Questa intensa vita interiore si esprime non soltanto nella scrittura di opere erudite e filologiche, ma anche in poesia: ha soltanto diciotto anni quando pubblica Le rimembranze.

Il giovane prova una sofferenza sempre più forte per i limiti di Recanati, è infatti una società chiusa e del tutto arretrata sul piano culturale.

💭
Leopardi assume una posizione molto personale a favore del Classicismo

A diciannove anni Leopardi entra in corrispondenza con il letterato Pietro Giordani.

Diventa subito per Leopardi un riferimento intellettuale e affettivo fondamentale.

Le lettere che Leopardi invia a Giordani testimoniano un’ansiosa esigenza di riconoscimento e la ricerca di quel calore umano di cui l’arida educazione familiare lo aveva privato.

In quello stesso 1817 Leopardi inizia ad annotare sentimenti e riflessioni in quaderni che denominerà “Zibaldone dei pensieri” e sarà pubblicato soltanto dopo la morte dell’autore.

Intanto però, intorno ai vent’anni, Leopardi comincia a subire nel corpo i segni della malattia.

Leopardi attribuisce questa deformazione fisica ai propri studi eccessivi, e se ne colpevolizza; egli mostra la propria amarezza per essersi guastato la salute e soprattutto l’aspetto esteriore, quello a cui gli uomini attribuiscono maggiore importanza.
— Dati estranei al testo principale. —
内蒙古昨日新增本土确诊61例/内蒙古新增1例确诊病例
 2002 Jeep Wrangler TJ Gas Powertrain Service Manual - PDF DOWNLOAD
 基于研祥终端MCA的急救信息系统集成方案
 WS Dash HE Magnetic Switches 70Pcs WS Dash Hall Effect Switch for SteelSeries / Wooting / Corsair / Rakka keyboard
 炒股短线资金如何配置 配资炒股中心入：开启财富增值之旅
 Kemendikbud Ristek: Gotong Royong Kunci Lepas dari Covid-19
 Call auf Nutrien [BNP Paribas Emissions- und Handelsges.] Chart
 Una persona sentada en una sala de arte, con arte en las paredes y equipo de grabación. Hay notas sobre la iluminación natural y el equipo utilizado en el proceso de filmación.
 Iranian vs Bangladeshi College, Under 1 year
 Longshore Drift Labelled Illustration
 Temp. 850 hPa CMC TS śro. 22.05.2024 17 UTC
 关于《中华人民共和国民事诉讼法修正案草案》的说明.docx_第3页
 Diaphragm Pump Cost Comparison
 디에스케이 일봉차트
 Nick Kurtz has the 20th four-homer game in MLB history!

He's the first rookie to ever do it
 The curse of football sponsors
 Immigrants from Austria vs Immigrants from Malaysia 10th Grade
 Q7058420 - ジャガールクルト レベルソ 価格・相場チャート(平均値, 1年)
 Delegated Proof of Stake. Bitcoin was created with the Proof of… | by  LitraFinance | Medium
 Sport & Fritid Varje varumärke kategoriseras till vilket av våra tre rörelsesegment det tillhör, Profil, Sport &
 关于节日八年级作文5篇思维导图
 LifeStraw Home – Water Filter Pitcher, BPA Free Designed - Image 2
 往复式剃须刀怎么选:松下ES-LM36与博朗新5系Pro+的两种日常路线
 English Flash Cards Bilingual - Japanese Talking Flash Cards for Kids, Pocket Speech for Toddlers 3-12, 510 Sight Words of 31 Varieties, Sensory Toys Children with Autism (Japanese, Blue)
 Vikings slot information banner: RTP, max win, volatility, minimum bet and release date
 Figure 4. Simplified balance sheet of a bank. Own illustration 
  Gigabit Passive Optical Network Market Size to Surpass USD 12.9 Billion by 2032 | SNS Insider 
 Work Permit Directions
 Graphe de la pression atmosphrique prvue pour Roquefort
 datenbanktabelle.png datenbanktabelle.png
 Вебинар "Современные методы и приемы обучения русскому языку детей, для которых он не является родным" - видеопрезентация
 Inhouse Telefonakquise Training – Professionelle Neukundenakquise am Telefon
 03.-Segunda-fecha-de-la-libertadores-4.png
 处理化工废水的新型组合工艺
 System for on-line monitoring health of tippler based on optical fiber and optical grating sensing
In verità gli studiosi hanno ipotizzato che Leopardi sia stato colpito da una malattia batterica, la tubercolosi ossea.

Contemporaneamente ai sintomi fisici si manifestano nel giovane anche afflizioni dell’anima: gravi e ricorrenti malinconie che lo gettano in uno stato di profonda prostrazione.

A questa infelicità Leopardi tuttavia non si rassegna ma resiste, lotta, chiede aiuto alle persone che ama.

Nel luglio 1819, appena raggiunta la maggiore età, Leopardi medita la fuga e si prepara a partire da casa in piena notta, ma viene scoperto.

il fallimento da un lato accresce la sua infelicità, dall’altro rende sempre più difficile e contraddittorio il rapporto con il padre.

Leopardi mostra una profonda avversione per questa possessività paterna, ma al contempo non riesce a scindere definitivamente il suo legame con lui, e continuerà a scrivergli per tutta la vita.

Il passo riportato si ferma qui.